_What you should do_: Pictures appear among the records below and must be omitted. Repeat exactly the lines from the line with "uti尤缇2025秋季新款 深灰色假两件休闲套头针织衫女UL3D1185983" to the line with "Chell Short Sentence", both included.
Provided information Block Start
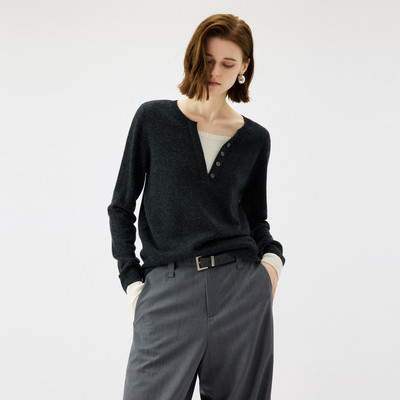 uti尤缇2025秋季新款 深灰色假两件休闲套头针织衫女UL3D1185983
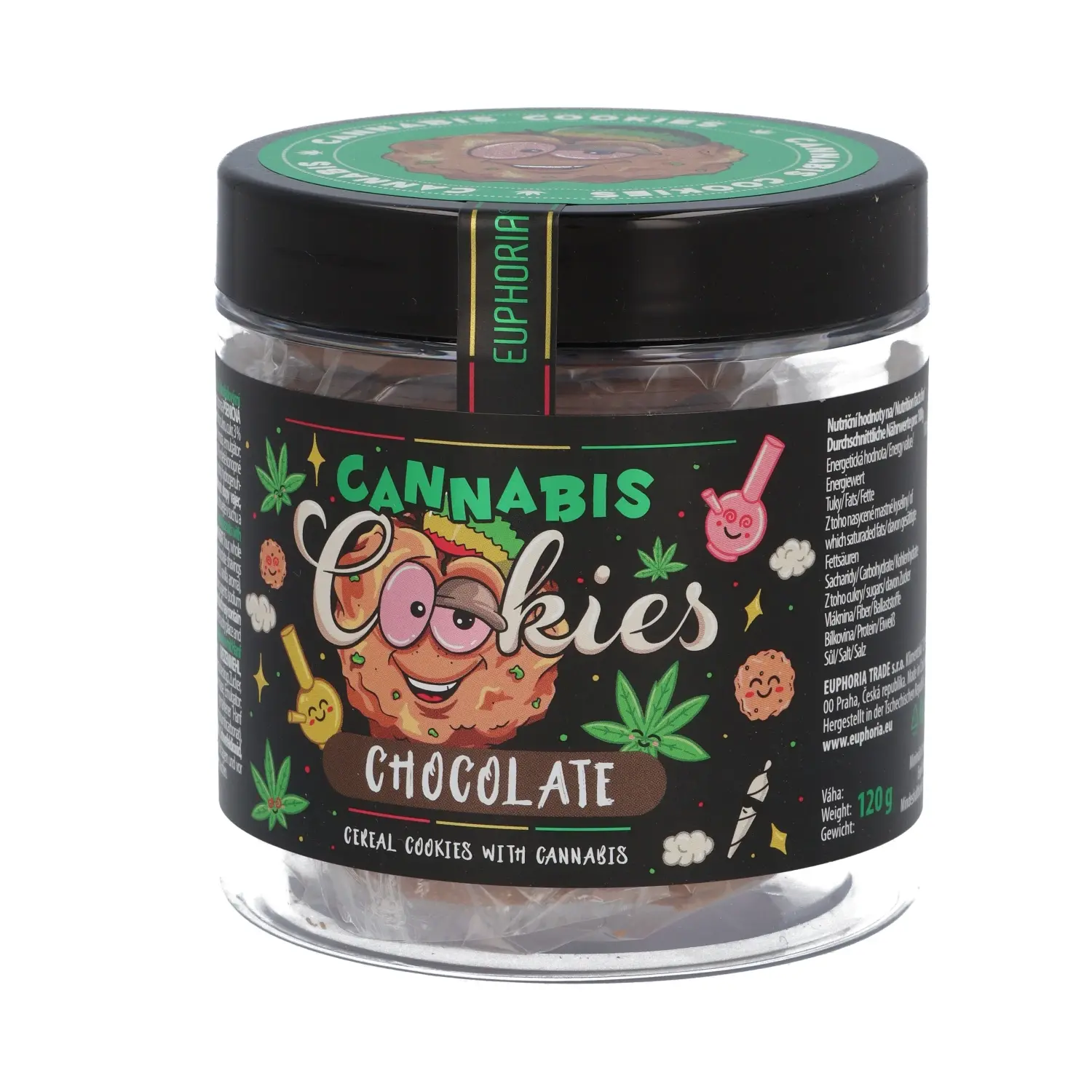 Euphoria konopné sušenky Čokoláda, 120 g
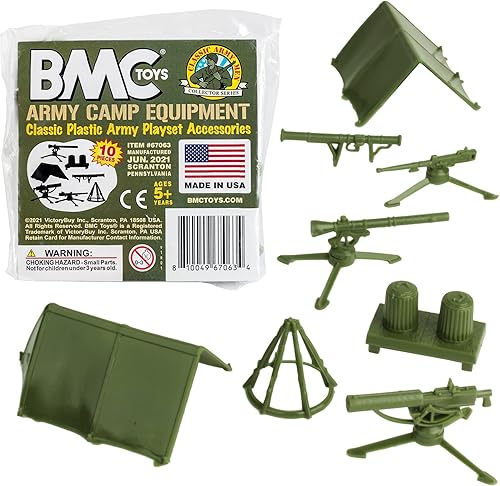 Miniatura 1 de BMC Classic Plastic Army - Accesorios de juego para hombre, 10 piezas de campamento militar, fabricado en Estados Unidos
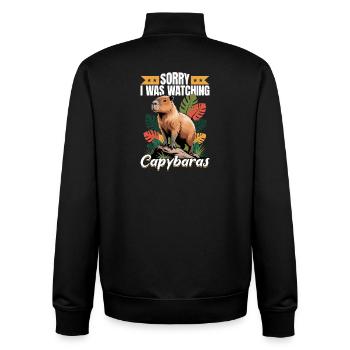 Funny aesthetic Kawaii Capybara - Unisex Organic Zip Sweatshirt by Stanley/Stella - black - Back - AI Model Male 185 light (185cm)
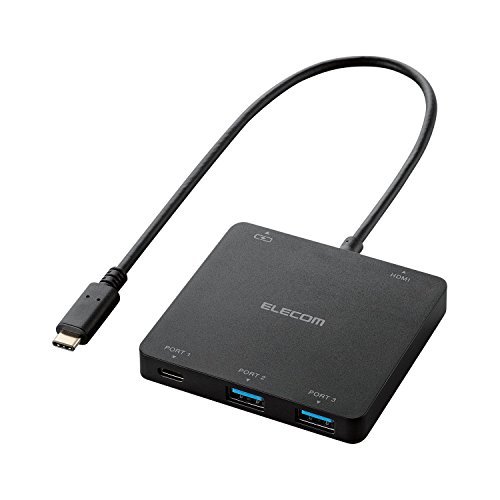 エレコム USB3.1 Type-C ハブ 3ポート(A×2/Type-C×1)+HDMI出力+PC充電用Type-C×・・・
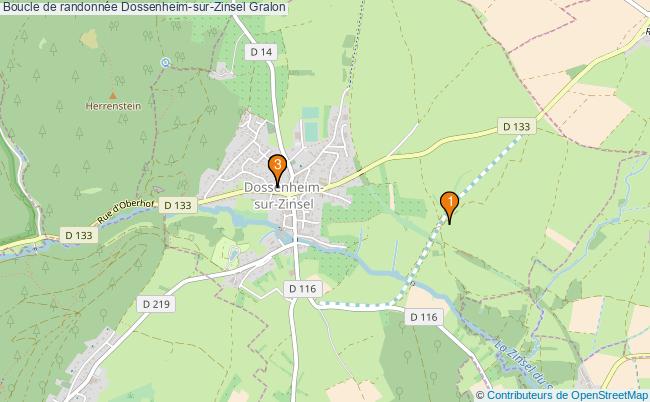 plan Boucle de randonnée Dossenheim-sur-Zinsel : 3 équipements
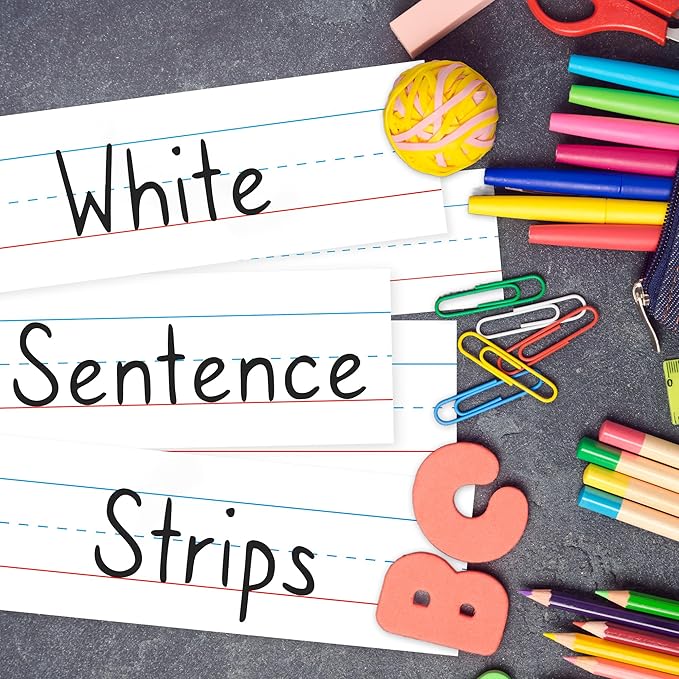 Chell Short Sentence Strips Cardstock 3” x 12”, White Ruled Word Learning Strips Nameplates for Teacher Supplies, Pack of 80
Provided information Block End
Provided information Block Start
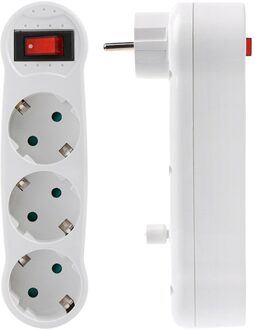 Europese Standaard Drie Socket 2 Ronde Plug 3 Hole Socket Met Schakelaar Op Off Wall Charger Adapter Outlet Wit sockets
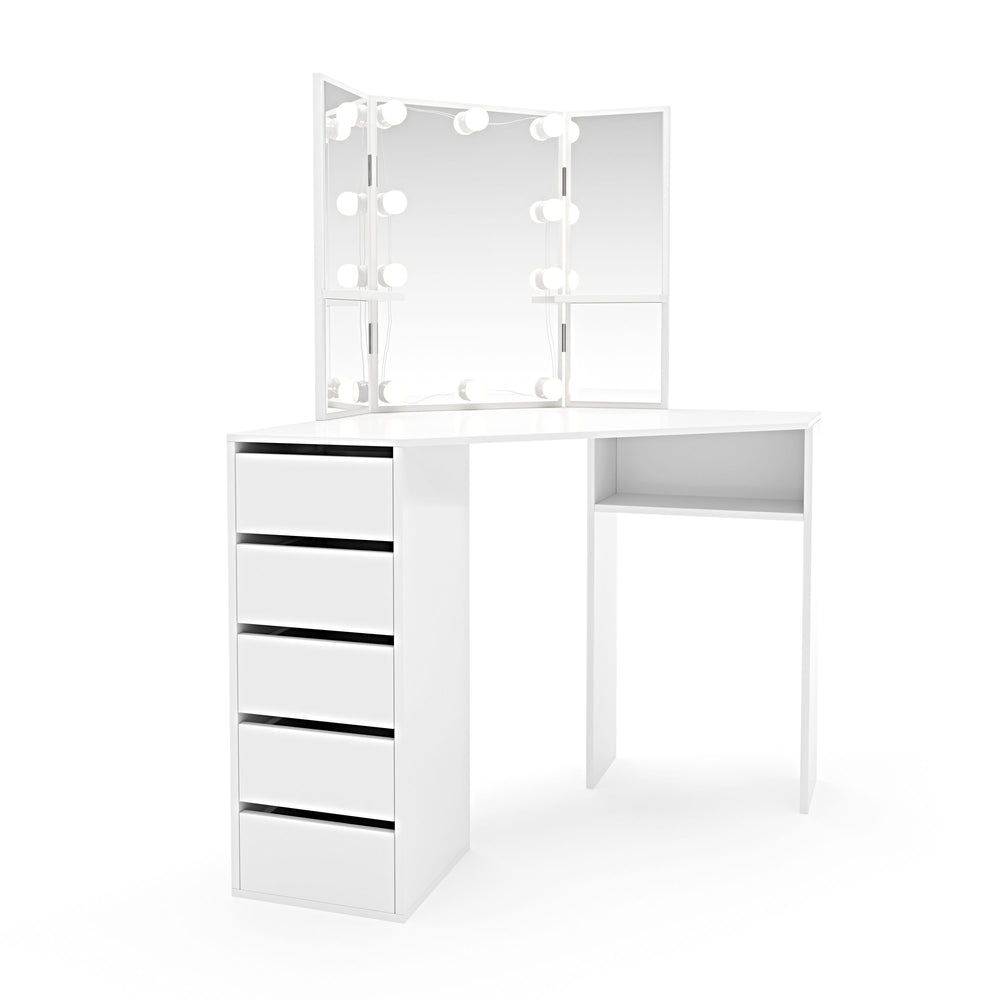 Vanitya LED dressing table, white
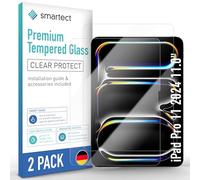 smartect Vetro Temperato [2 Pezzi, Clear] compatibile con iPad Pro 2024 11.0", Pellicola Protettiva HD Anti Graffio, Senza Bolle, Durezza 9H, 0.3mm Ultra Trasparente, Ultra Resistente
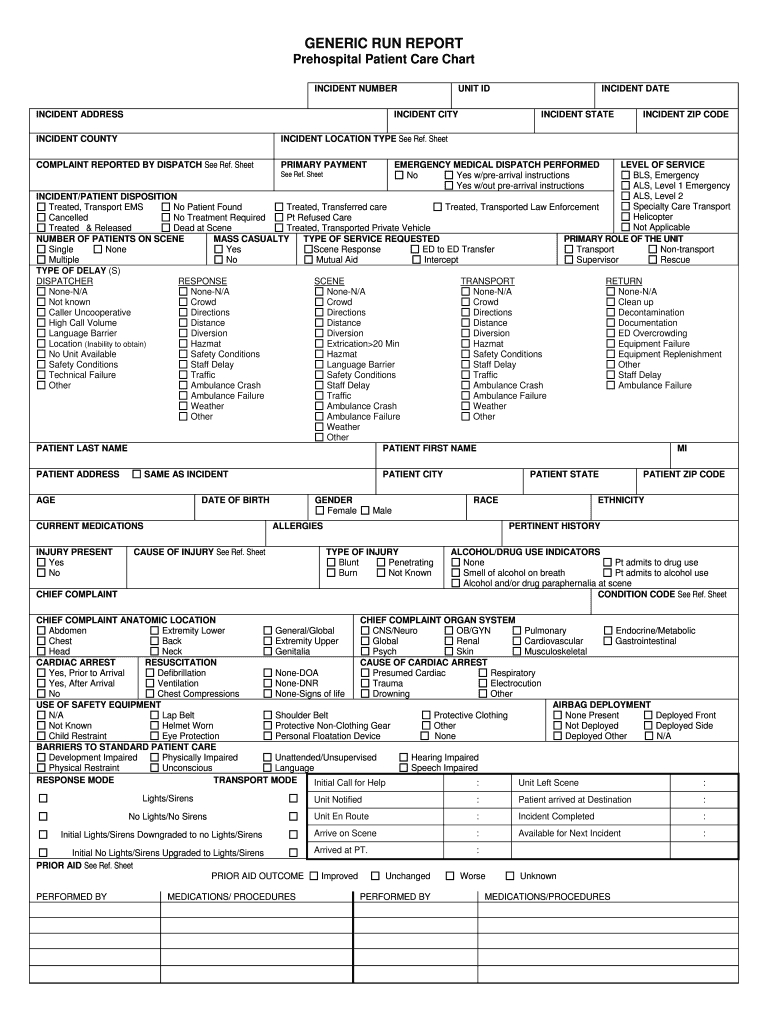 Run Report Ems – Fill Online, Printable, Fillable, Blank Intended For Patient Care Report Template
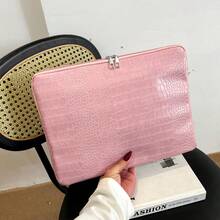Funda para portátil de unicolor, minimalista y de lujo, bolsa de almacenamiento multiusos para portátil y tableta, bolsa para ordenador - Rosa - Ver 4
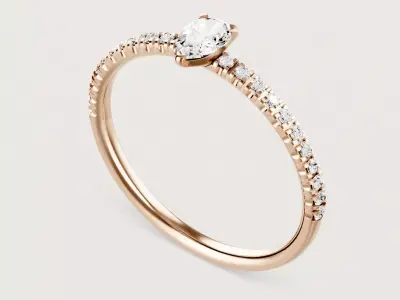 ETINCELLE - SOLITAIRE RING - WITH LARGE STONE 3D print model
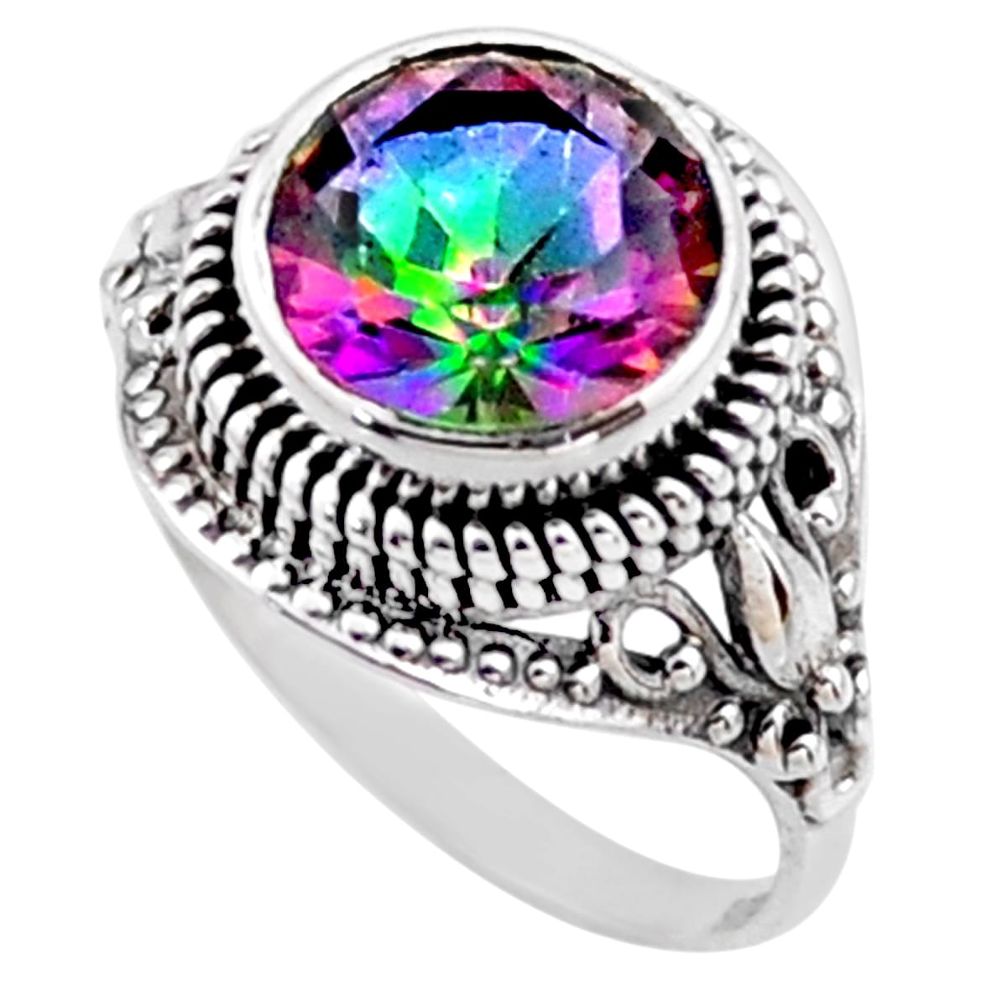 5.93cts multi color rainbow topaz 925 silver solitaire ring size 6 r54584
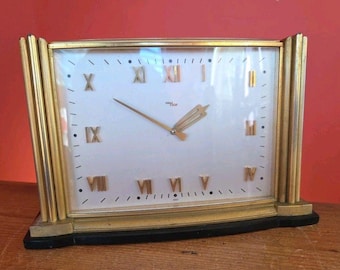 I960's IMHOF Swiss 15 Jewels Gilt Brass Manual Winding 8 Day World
Provided information Block End
_Solution for this problem_:
 uti尤缇2025秋季新款 深灰色假两件休闲套头针织衫女UL3D1185983
 Euphoria konopné sušenky Čokoláda, 120 g
 Miniatura 1 de BMC Classic Plastic Army - Accesorios de juego para hombre, 10 piezas de campamento militar, fabricado en Estados Unidos
 Funny aesthetic Kawaii Capybara - Unisex Organic Zip Sweatshirt by Stanley/Stella - black - Back - AI Model Male 185 light (185cm)
 エレコム USB3.1 Type-C ハブ 3ポート(A×2/Type-C×1)+HDMI出力+PC充電用Type-C×・・・
 plan Boucle de randonnée Dossenheim-sur-Zinsel : 3 équipements
 Chell Short Sentence Strips Cardstock 3” x 12”, White Ruled Word Learning Strips Nameplates for Teacher Supplies, Pack of 80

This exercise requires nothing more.